Di luar ranah korupsi, metafor “gurita” telah digunakan oleh sebuah buku tentang pornografi. Berjudul  Gurita Pornografi Membelit Remaja, buku itu ditulis oleh  Badiatul Muchlisin Asti (Oase Qalbu, Yogyakarta, n.d.).

Selain dalam bahasa Indonesia, metafora “gurita” juga dikenal dalam beberapa bahasa suku-suku bangsa di Teluk Cenderawasih dan Kepulauan Raja Ampat di Tanah Papua. Di sana, istilah kombrof  (bahasa Biak), nomio  (bahasa Waropen), atau aria (bahasa Moor-Mamboor) untuk “gurita”, digunakan untuk menggambarkan orang yang rakus, dilambangkan oleh delapan lengan gurita yang dapat digerakkan secara simultan untuk mengambil apa saja. Tapi gurita juga licik, sebab kalau dikejar, gurita akan menyemprotkan tinta untuk mengaburkan penglihatan pengejarnya, supaya binatang itu bisa lolos dari kejaran[1]

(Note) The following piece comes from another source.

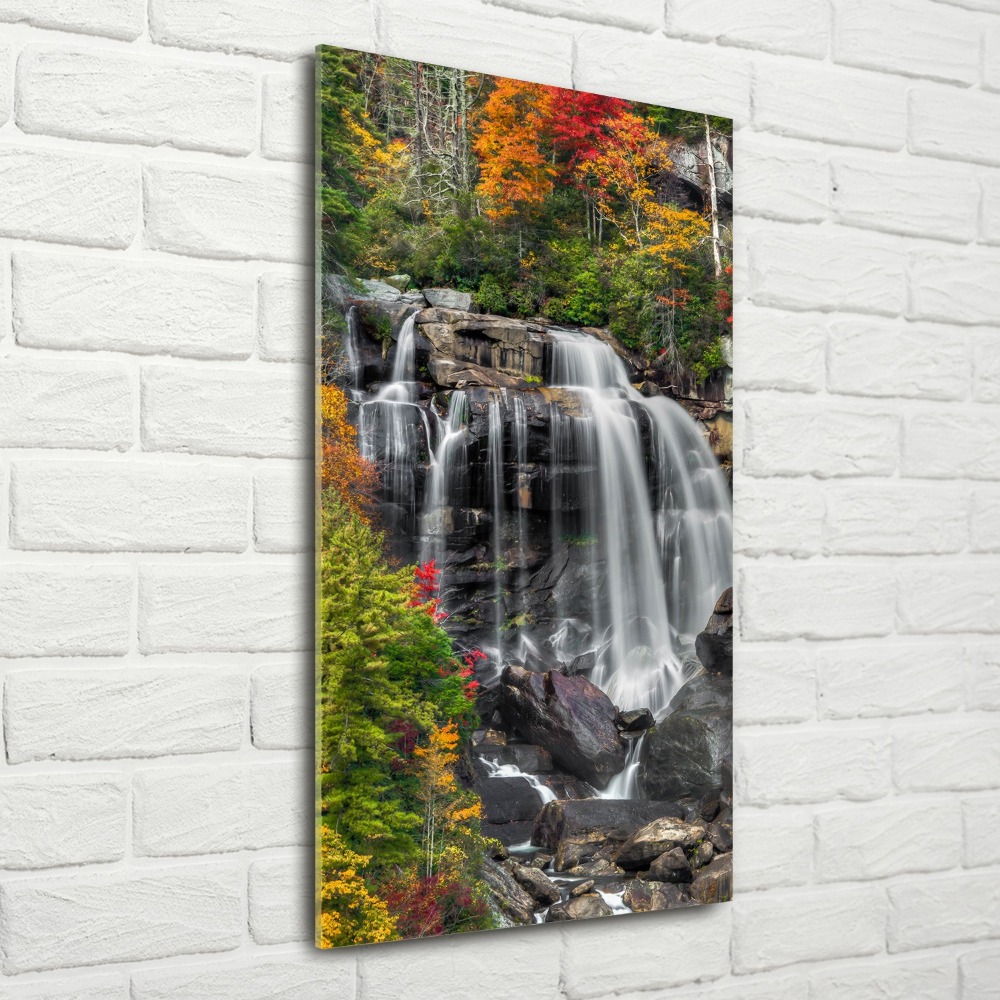 Tableau verre acrylique Chute d'eau en automne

Selain licik, orang Biak juga menganggap kombrof  oportunis. Binatang ini sudah korbankan satu lengannya digigit sampai putus oleh belut laut, karabas dalam bahasa Biak, doisuno  dalam bahasa Waropen, atau  manggoati  dan wara dalam bahasa Moor-Maboor.[2]) Dengan “mengumpankan” salah satu lengannya, gurita berusaha menyeret belut laut ke luar dari lubang, lalu merampas lubangnya itu. Itu sebabnya, menurut orang Biak, satu di antara delapan lengan gurita, lebih pendek dari pada yang lain, bekas digigit oleh karabas

Ringkasnya, sifat gurita suka beradaptasi dengan lingkungannya, dengan memanfaatkan warna, dan siap menyerang mangsa yang lewat, tapi takut berhadapan face to face dengan mangsa atau musuhnya. Sifat itu merupakan kompensasi bagi badannya yang lemah, dan habitatnya di batu-batu dasar laut. Gurita  juga tidak bernilai ekonomis tinggi, dan biasanya ditangkap oleh perempuan dari suku-suku pesisir di Papua, bukan oleh laki-laki. Makanya, metafora “gurita” memang pantas digunakan untuk sebuah rezim, yang selalu melemparkan isyu-isyu pengalih perhatian publik, apabila kelemahan atau kesalahannya disorot oleh masyarakat.[3] )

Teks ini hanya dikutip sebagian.